Mr Oakes said: “The core of the business is liquid milk, so they [Muller] will be getting substantial benefits from this cream price. It is about time they passed some of this back to farmers.
“Unfortunately, we all know they are never going to be a million miles away from Arla. If they get too far ahead, retailers would be coming back to them, and if they are too far behind, they will get farmers coming back.”
He highlighted Barbers cheesemakers price for above thresholds litres as reflecting where the markets were, with prices reaching over 34ppl.
The price is based on AMPE -2ppl for June litres supplied above base milk volume plus 8 per cent.
Barbers standard litre price was unchanged at 29.05ppl.
Mr Oakes added it would now be ‘difficult’ for other processors not to follow suit and many farmers would be benefiting due to basket pricing mechanisms.
NFU Scotland milk committee chairman James Rankin welcomed the positive price movements, but said AHDB’s commodity price indicators suggested all milk buyers had ‘a considerable way to travel’.
He warned dairy farmer patience was ‘wearing thin’.

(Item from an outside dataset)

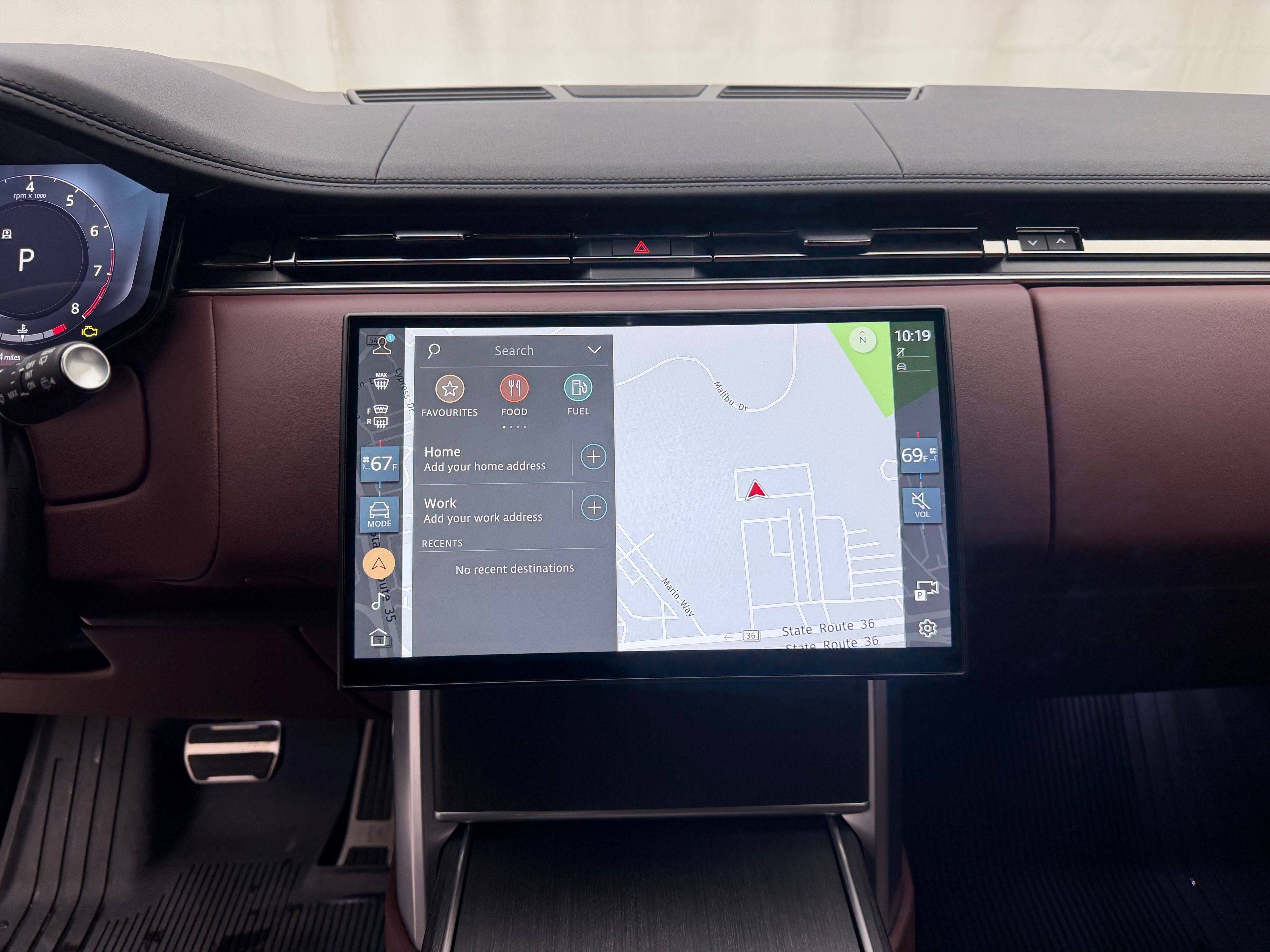 Thumbnail: 2024 Land Rover Range Rover - 29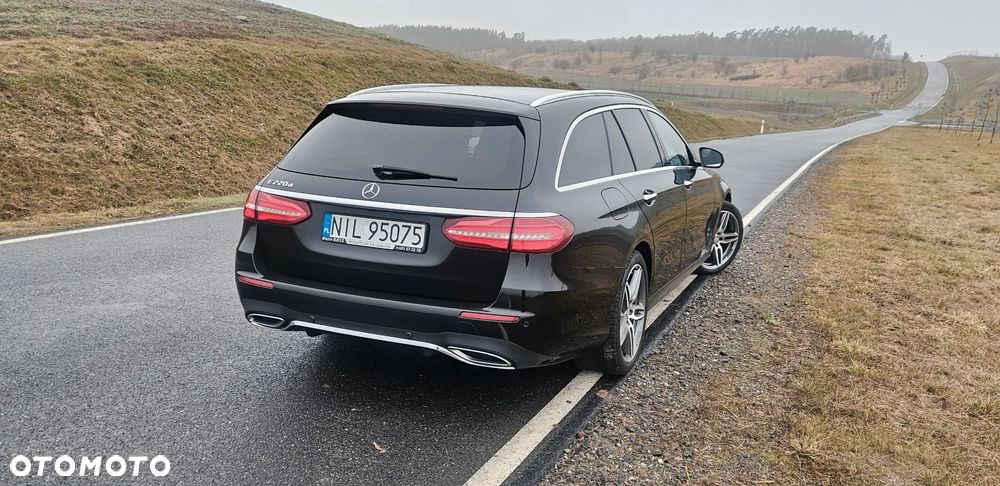 Mercedes-Benz Klasa E 220 d 9G-TRONIC - 12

He said: “Milk buyers failing to pass on market returns is clearly unacceptable in any circumstance, but particularly at a time when dairy farmers are recovering from the deepest price squeeze many have ever experienced. There is no reasonable excuse.
“Production is muted, demand is strong, and while the processing and retail sectors can cite concerns about oversupply and being competitive, there is no reason to hold back prices at this time, other than to manage their balance sheets and risk at the expense of farmers.”